» Exercise aim: Scan the entries that follow and copy out every line containing "table".

Saved entries:
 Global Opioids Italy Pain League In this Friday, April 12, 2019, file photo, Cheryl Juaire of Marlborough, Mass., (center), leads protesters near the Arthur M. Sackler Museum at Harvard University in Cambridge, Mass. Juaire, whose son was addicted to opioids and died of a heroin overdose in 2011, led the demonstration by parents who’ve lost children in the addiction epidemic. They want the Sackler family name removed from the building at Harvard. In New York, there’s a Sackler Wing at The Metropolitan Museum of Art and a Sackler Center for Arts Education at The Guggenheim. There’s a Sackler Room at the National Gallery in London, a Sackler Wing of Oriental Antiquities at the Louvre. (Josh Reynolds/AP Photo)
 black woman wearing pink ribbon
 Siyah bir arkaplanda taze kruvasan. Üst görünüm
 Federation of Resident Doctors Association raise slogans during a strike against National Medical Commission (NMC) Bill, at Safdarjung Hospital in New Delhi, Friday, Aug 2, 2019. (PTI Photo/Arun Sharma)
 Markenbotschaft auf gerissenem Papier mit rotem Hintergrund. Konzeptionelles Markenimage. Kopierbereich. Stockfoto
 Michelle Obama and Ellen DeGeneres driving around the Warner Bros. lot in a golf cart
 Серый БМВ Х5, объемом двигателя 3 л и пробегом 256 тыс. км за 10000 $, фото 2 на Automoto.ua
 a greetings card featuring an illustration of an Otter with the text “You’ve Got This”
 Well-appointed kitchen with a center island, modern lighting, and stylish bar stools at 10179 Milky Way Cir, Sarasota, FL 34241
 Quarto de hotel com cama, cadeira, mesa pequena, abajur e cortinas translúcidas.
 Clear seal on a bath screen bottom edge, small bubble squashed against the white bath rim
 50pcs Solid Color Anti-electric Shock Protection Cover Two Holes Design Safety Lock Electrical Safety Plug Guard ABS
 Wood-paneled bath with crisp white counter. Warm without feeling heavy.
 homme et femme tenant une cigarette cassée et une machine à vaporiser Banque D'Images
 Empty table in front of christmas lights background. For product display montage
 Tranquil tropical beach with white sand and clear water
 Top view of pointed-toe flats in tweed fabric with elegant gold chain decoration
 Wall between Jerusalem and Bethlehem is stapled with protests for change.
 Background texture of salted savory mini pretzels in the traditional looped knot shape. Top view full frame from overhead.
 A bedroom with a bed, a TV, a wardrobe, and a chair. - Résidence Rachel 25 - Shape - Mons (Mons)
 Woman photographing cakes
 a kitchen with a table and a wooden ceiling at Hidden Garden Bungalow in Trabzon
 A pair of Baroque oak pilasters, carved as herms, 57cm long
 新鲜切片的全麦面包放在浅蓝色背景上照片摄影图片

» Answer space:
 Empty table in front of christmas lights background. For product display montage
 a kitchen with a table and a wooden ceiling at Hidden Garden Bungalow in Trabzon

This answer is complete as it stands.